Jon remembered before they left Winterfell. Lord stark spoke to him about a letter that had come. That the lady Lysa believed the Lannisters to have murdered Jon Arryn. But the woman was wrong.

Jon Arryn was old, he had been sickening for moons. And whilst he had deteriorated quickly in that last week, it was nothing strange for one so old according to the maesters. And whilst the Lannisters no doubt had the means to do away with the old hand if they wished, Jon could think of no reason to. He told his father as much and they had come to the conclusion that the lady Lysa was likely blinded by grief.

"The blackfish holds the Gates of the Moon, and that is fine… but he is his nieces man." Prince Joffrey was saying. "She left hysterical if you remember father. Mayhaps Bronze Yohn's brother could hold the gate instead. He is well respected and knows the Vale lords. They would accept him."

The hand of the king frowned, but thought it through carefully. "It has merit."

Robert looked from one to the other, not sure if he should be annoyed or pleased that this was the direction the conversation had taken. He settled, as he usually settled with Joffrey, on something like pride.

"Fine," Robert agreed. "We'll speak of it more when we have Ned properly ensconced as Hand." He gathered his reins. "Right now, I want to ride."

He spurred forward without waiting, as he always did, down off the ridge toward the barrows of the First Men.

Jon looked at Joffrey. Joffrey looked at him, those gold eyes steady, asking nothing.

He saw me flinch. And Joffrey had said nothing, and had redirected the king, and the moment had been allowed to pass.

Jon did not know whether to call that loyalty or friendship or tact. Perhaps it did not matter what he called it.

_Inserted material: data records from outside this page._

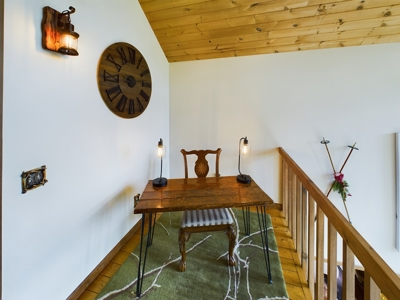 Mountain Chalet for Sale in Seven Devils NC - image 2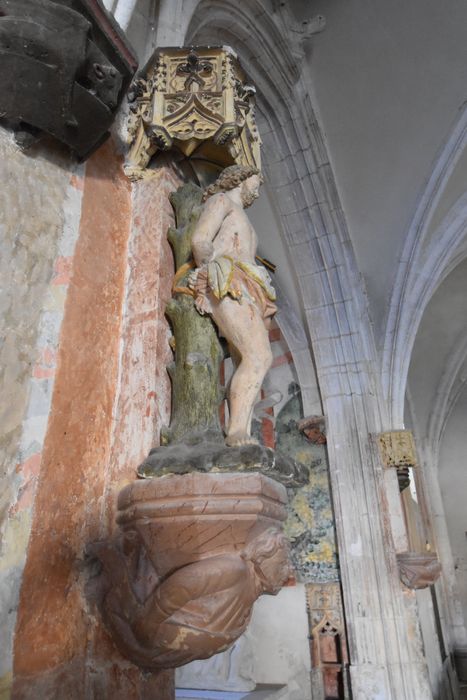 statue : Saint Sébastien, profil droit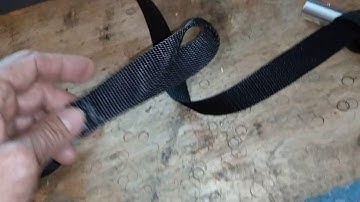 Why twisted loops on a Bimini strap?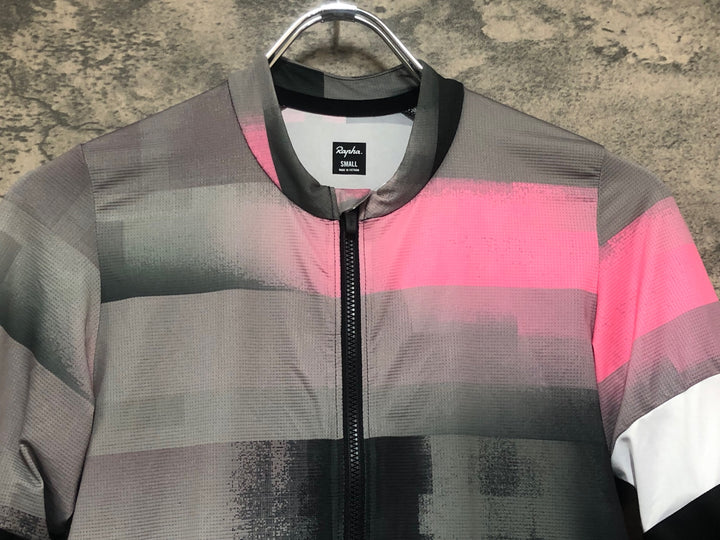 KM231 ラファ Rapha SUPER LIGHTWEIGHT JERSEY 半袖 サイクルジャージ 黒ピンク S ほつれ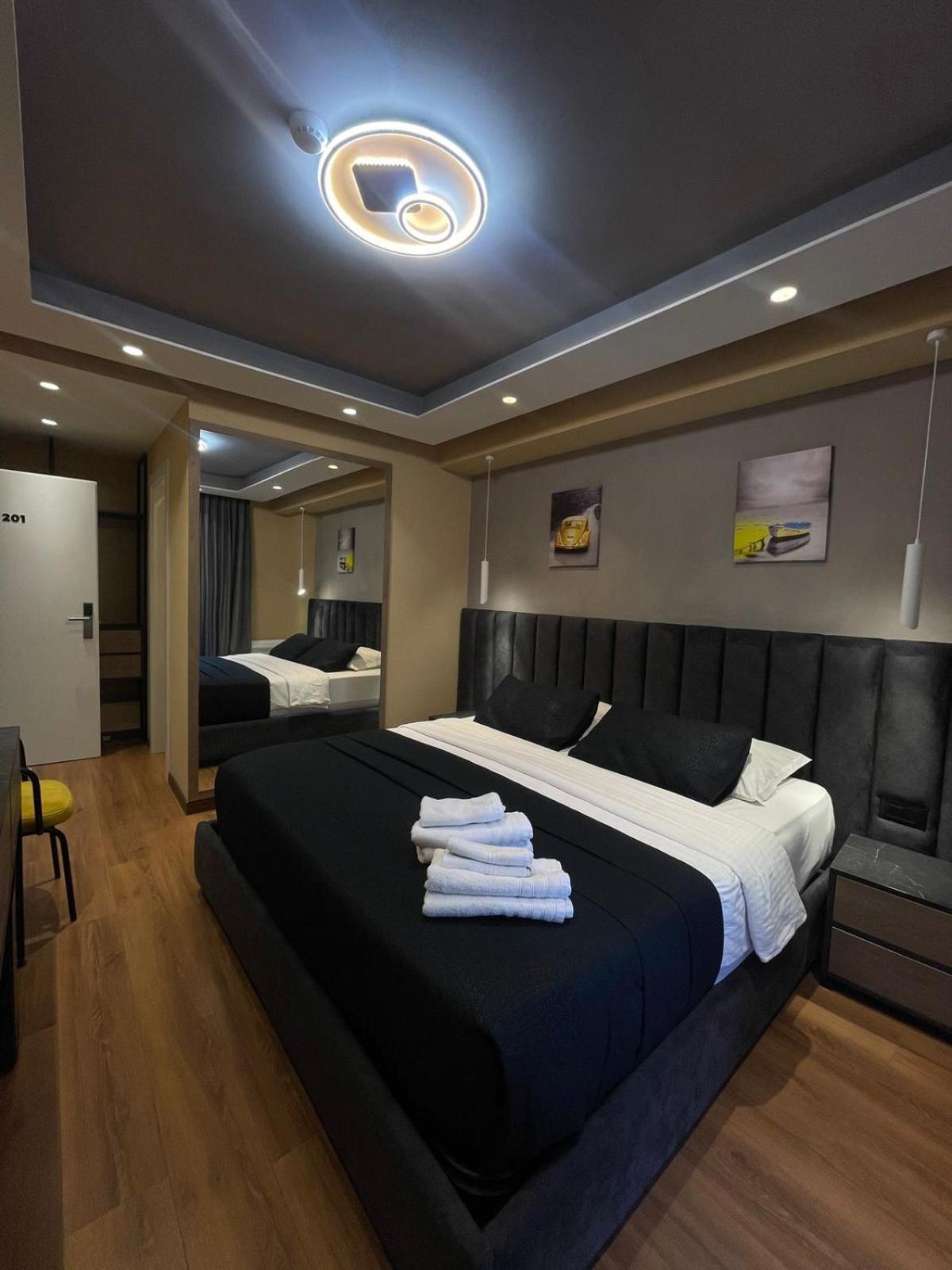 Peaky Hotel Durrës Exteriör bild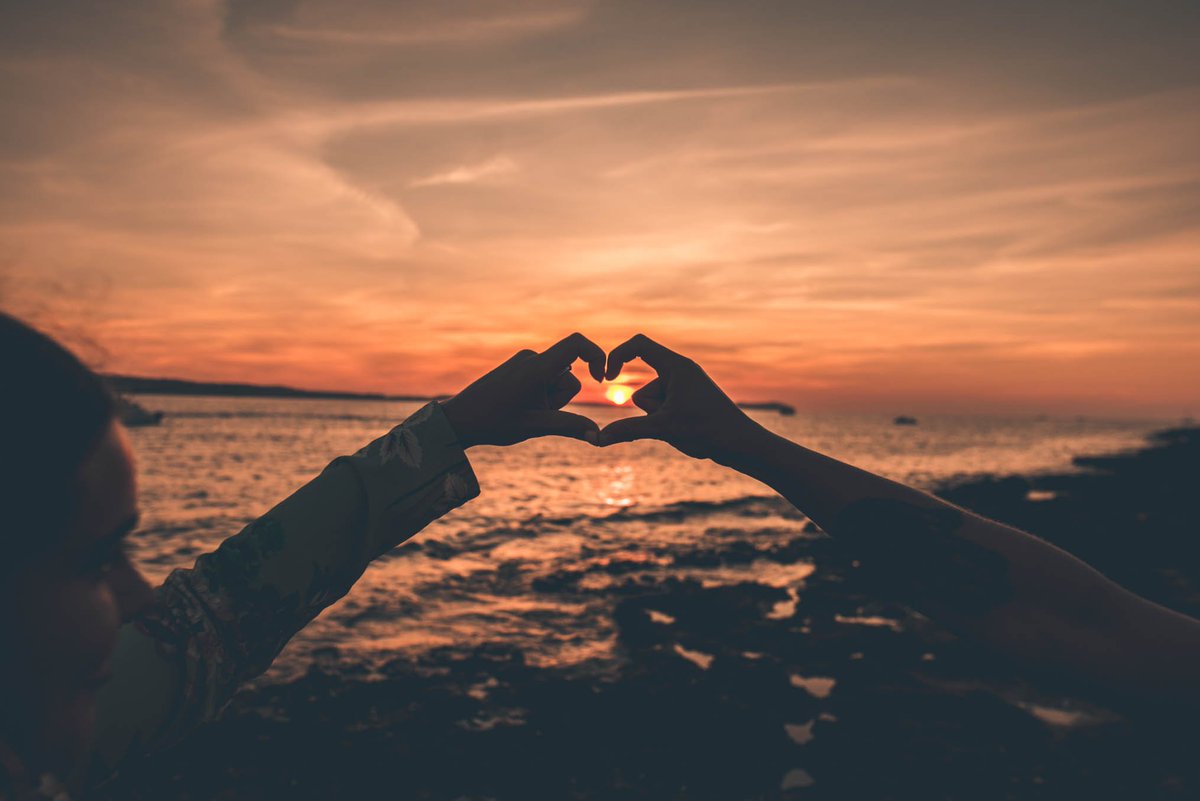 Are you another Monday closer? 😍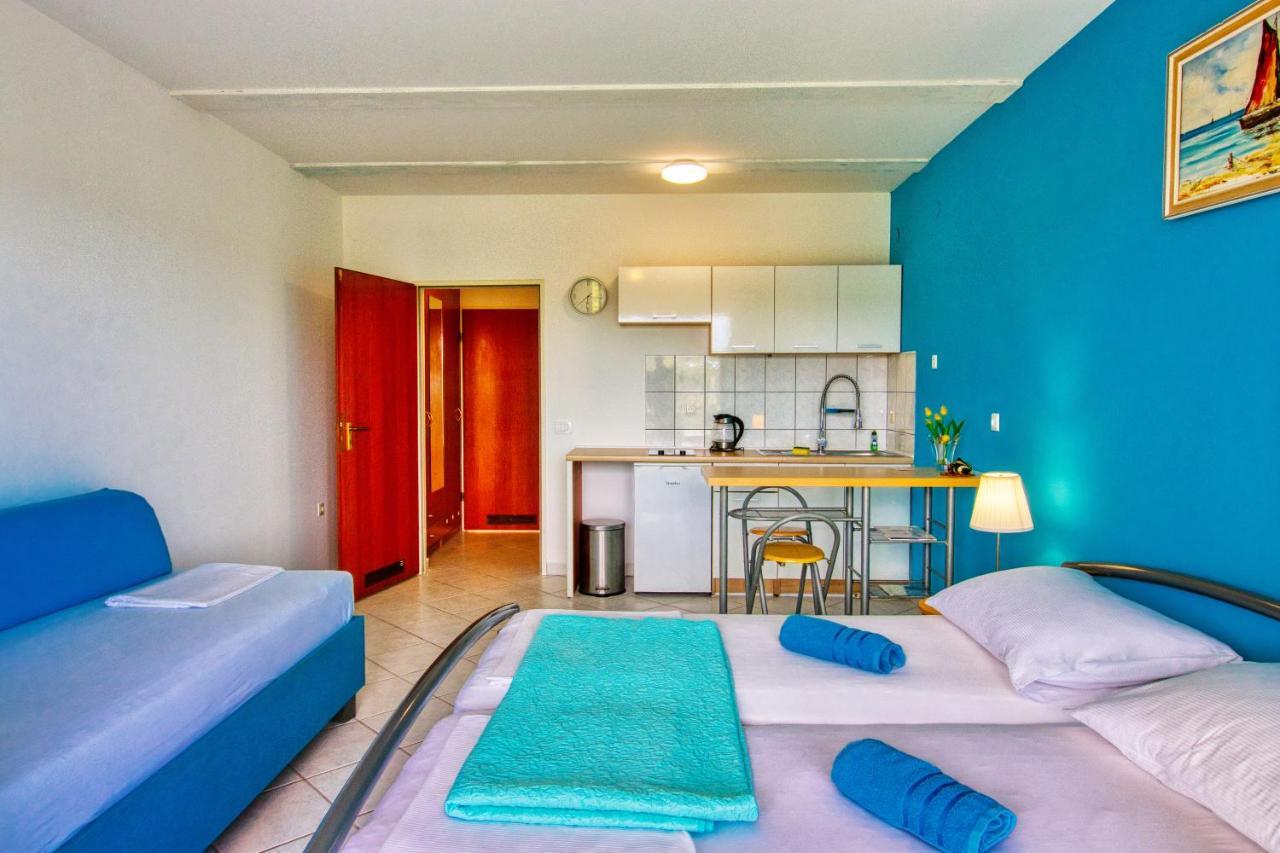 Апартаменты Apartman Studio Пула Экстерьер фото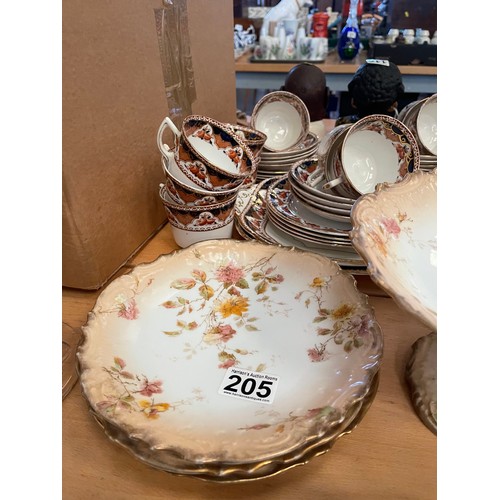 205 - Victorian comport + 3 matching plates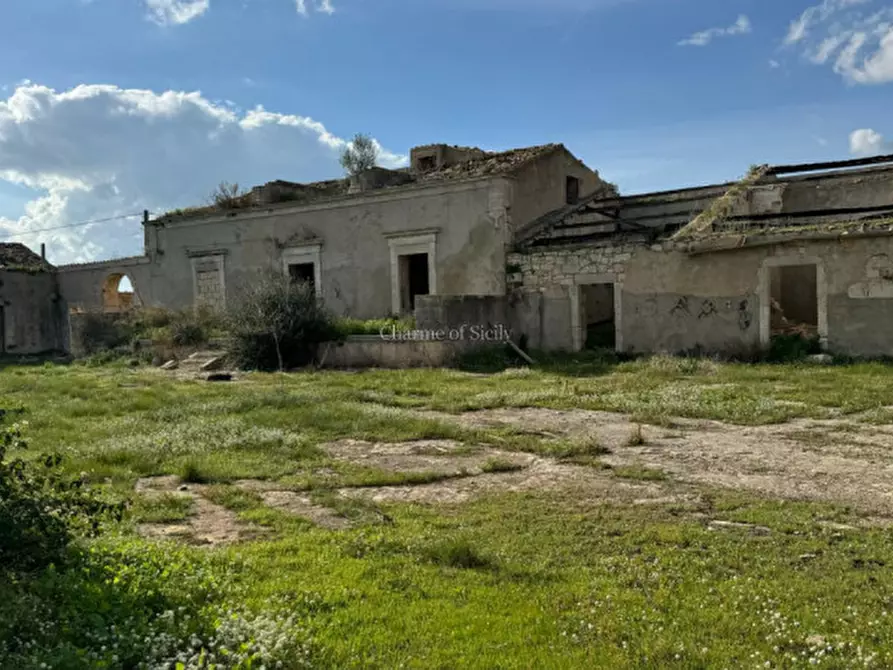 Immagine 11 di Casa indipendente in vendita  a Rosolini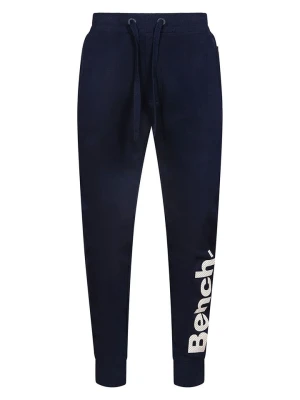 Bench Spodnie dresowe "Stanley Spots" w kolorze granatowym rozmiar: 52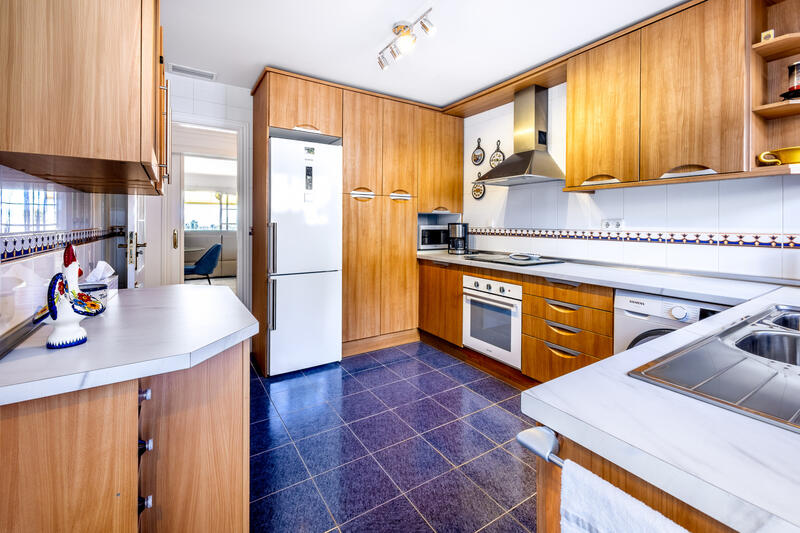 3 спальная комната квартира продается 3 спальная комната квартира продается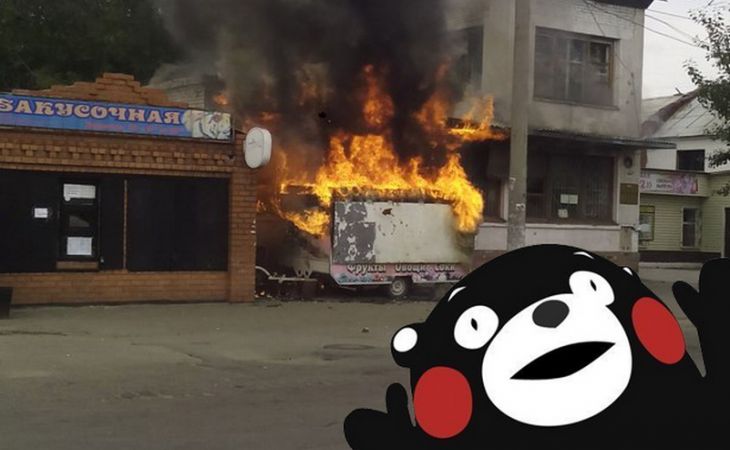 Пожар уничтожил в Барнауле продуктовый ларек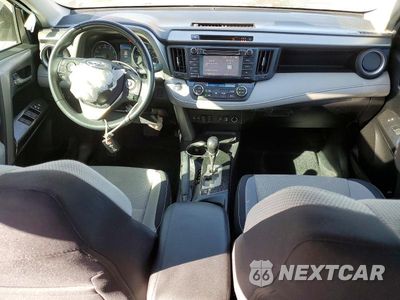 Zdjęcie 8 z 13 samochodu: 2018 TOYOTA RAV4 ADVENTURE VIN:2T3RFREV9JW718951 - miniatura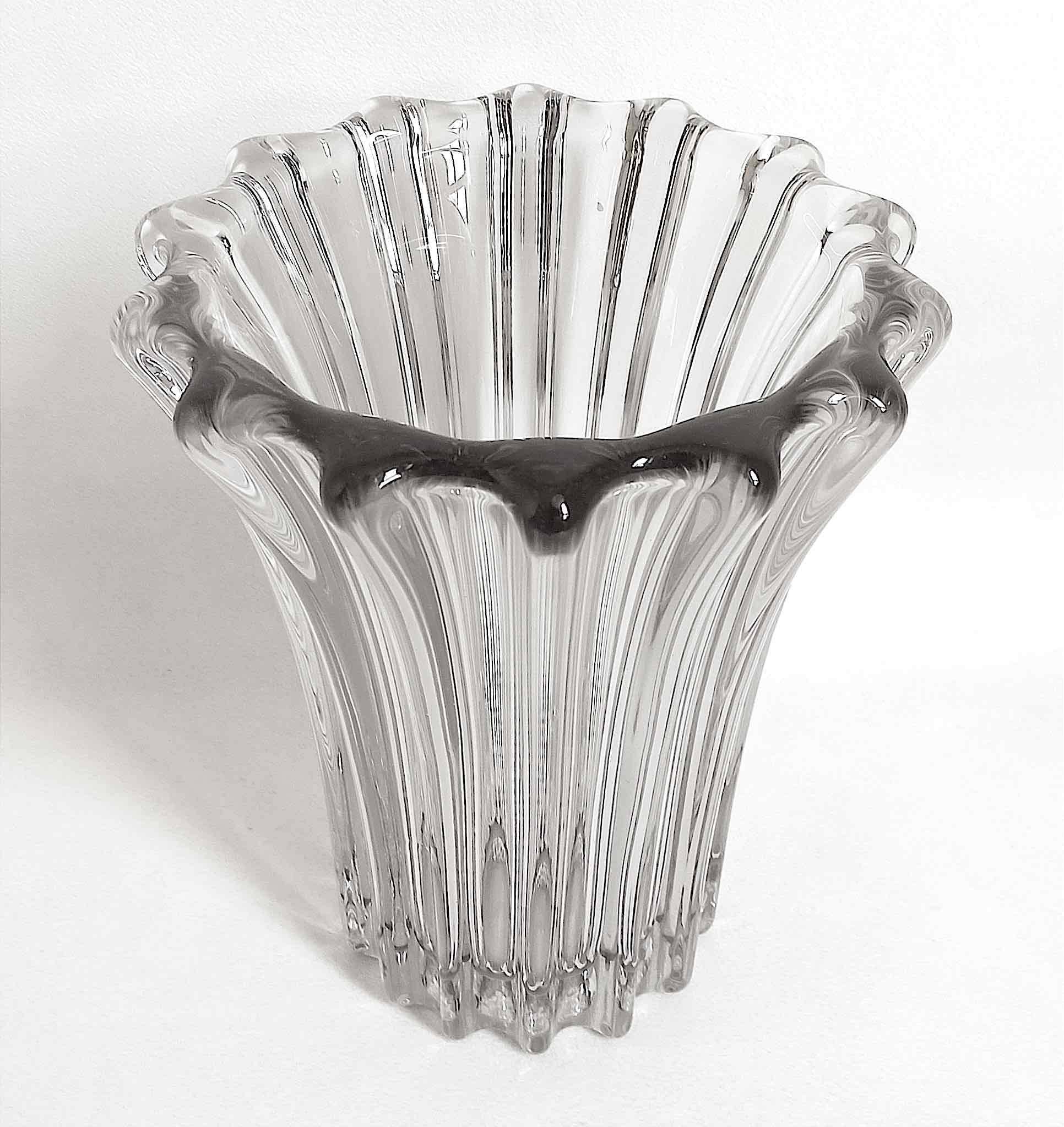 Art Deco vase Height 22.5 cm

He was still Jon Snow. He was still a bastard — just, as it had turned out, a different kind of bastard than he had been told. He still did not belong at Winterfell. He had never belonged at Winterfell, not fully, and what his father had told him in the godswood had not changed that. It had only explained it.

He belonged here.

He looked at Joffrey, who was already moving, falling in behind the king, sitting his horse with that careless ease that made the yard knights furious and the court ladies sigh, wearing a blue silk favour at his wrist, mind already elsewhere.

His cousin.

The thought settled somewhere in him deep without drama. His cousin. His king, in the fullness of time. The man his sister was to marry. His task, his purpose, the thing he had decided on a borrowed garron seven years ago when Winterfell disappeared behind him and the south opened up.

The more things changed, Jon thought, and put his boots to his horse and rode after them. It did not matter. Joffrey would still be king. Jon would still be at his side. That would have to do for now.